Ou ela não percebe, ou ela não quer perceber. Mas Pedro já não quer saber. A mudança foi boa. Foi uma das suas primordiais ambições concretizada; o desejo de liberdade! Sim, Pedro estava livre. Trazia-lhe felicidade o facto de não ter mais infelicidade com Daniela e trazia-lhe infelicidade o facto de não ter mais felicidade com ela. Mas estava livre e era a liberdade que importava, naquele momento. Tinha gasto todas as palavras possíveis e imaginárias, tinha movido mundos, tinha tentado fazer o mundo dela girar ao contrário. Que anti-natural! Pedro estava normal, Pedro sempre tinha sido normal, independentemente do que achassem. As suas variações de humor tinham justificação.
‘Livre’, repetia Pedro para si. Teria Pedro confundido os seus conceitos? Como poderia sentir-se leve quando tinha acabado de cometer o acto mais pesado de que tinha memória?
Agora… Como terá Daniela ficado?
Sentiria Daniela que, afinal, seria agradável terem tido algo mais? Sentiria ela que Pedro era e tinha sido o que ela sempre quis, sempre precisou? Sentiria ela que ele era, realmente, importante? Sentiria sequer a falta dele?
Agora, com a mudança instaurada, não haveria mais dor, não haveria mais amor. Tinha-se neutralizado a antítese.
Mas faltava algo… Mas isso, isso falta sempre. Não temos as respostas todas, não somos perfeitos; nem lá perto. No entanto, faltava algo mais que o normal…
Na sua fortaleza segura, no seu quarto, Pedro inicia a redacção da carta mais negra da sua vida.
“Queridos familiares, queridos amigos, querida ‘tu’,
(…)”

Fim da Parte 5

4 comentários:

Dupé disse...

Nós, como seres racionais, por vezes complementamos a nossa cpacidade racional com sentimentos fertéis e completamente certos, mas possivelemente errados, em alguns casos. Teremos assim de pensar cá para dentro e não dizer: "livre", mas sim, "livre, mas comprometido com alguém", assim teremos sempre a nossa companhaia, para aqueles momentos em que poder-nos-emos sentir mais débeis.

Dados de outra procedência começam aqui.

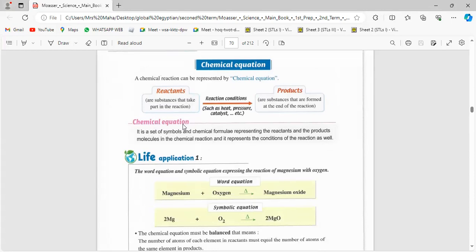What is a chemical equation? It is a set of symbols and chemical formulas — for example, magnesium has the symbol Mg — that represents the reactants and products in the chemical reaction, and it also represents the conditions of the reaction. The chemical equation represents the reaction that happens between reactants and the forming of products.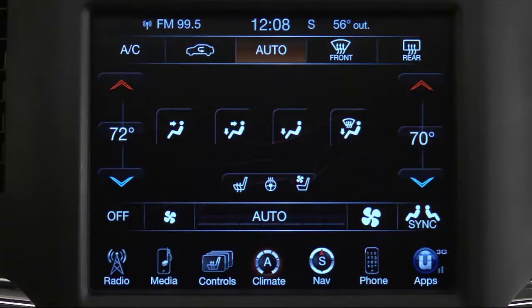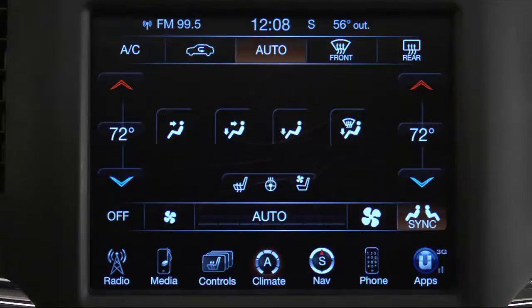Once the comfort level is selected, the system will maintain that level automatically using the heating and air conditioning systems. If you'd like to sync up the passenger and driver's side temperature, pressing the sync button does just that.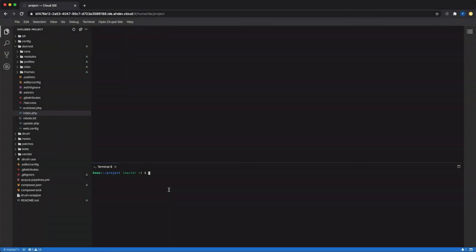In this video, we will look at how you can use xDebug to debug your custom Drupal code inside of Acquia Cloud IDE. By default, xDebug is disabled inside of the IDE, because on any machine, loading the xDebug PHP extension does make PHP execute much more slowly.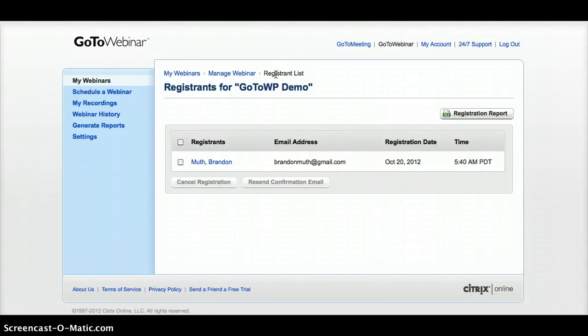It is a premium plugin — we spent quite a bit of time developing this, so we are charging for it, but we hope that you'll get a lot of value out of it. Once you buy the plugin, you will get lifetime upgrades. As we add options or add features, you'll get those at no extra charge.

Tanto como um rapaz, como uma rapariga, não podem, devem ajudar nesta difícil tarefa.


E sim, de certeza que Daniela deverá querer algo mais, mesmo não assumindo...

Ana Jorge disse...

Nem sei o que dizer.. Estás muito confuso e nem sei como te ajudar.. Talvez as palavras amigas sirvam só por si x) e nesse caso. estou sempre pronta a ajudar =D

Sempre aqui, para TUDO, *@

*Satu* disse...

Ao ler esta parte da historia, pensei.. Ao tomarmos dicisoês, ao estabelecermos escolhas na vida, existe sempre um momento em que nos oerguntamus o que aconteceria se tivesse ido por outro caminho, o que sentiria se tivesse escolhido a segunda opçao...
NC SABEMOS A RESPOSTA..
O "secondlife", retrata bem esse sentimento, esse conflito que passamus em nossas vidas.
A Daniela n saberá komo teria sido se tivesse ariscado o amor de pedro.

Anónimo disse...

não sei se esta história é real ou não mas se gostas dela devias dizer-lhe o que sentes. Nunca sabes o que ela poderá vir a dizer.
Escreves muito bem! Parabéns e boa sorte com isso.